Latest update

# Random Binary Strings, Time until All Differ

2017-12-03 03:08:47

Let $\{X_i\}_1, \{X_i\}_2, \ldots, \{X_i\}_n$ be random binary strings where for all strings $j$ and all positions $i$, independently of all other bits on all strings, $X_{i, j} \sim Ber(1/2)$. Assume that we generate the strings by sequentially drawing the $i$-th bit independently for all strings. In this setting, let $T$ denote the first instance in time at which no two strings are equal. I wish to argue that

P[T \geq 2\log_2{n} + 1] \leq 1/4.

In particular I am interested if Markov's inequality will do the job. To obtain a handle on $E[T]$, let $Y_i$ count the distinct strings pairs at time $i$. Clearly we have reached $T$ iff $Y_T = 0$.

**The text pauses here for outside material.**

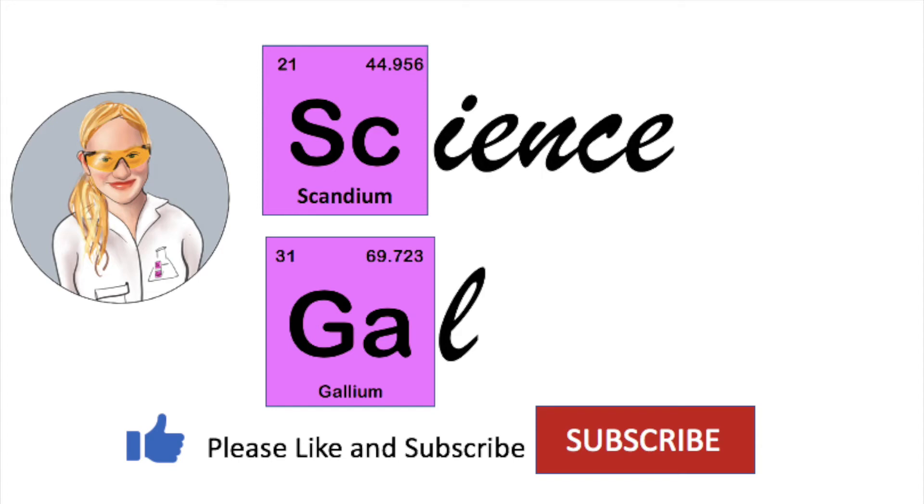Hey, I'm Science Girl, welcome back to my channel. Today I'm making a flammable jelly which is made out of the calcium acetate I made in my first video, as well as isopropanol alcohol.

Exploiting linearity of expectation, it is easily shown that $E[Y_{i + 1} | Y_i = k] = k/2$ and hence $E[T] \leq \log_2{y_0}$. Since $y_0 \approx n^2$ this allows however only for

P[T \geq 2\log_2{n} + 1] \leq \frac{E[T]}{2\log_2{n} + 1} \leq \frac{2\log_2{n}}{2\log_2{n} + 1},

\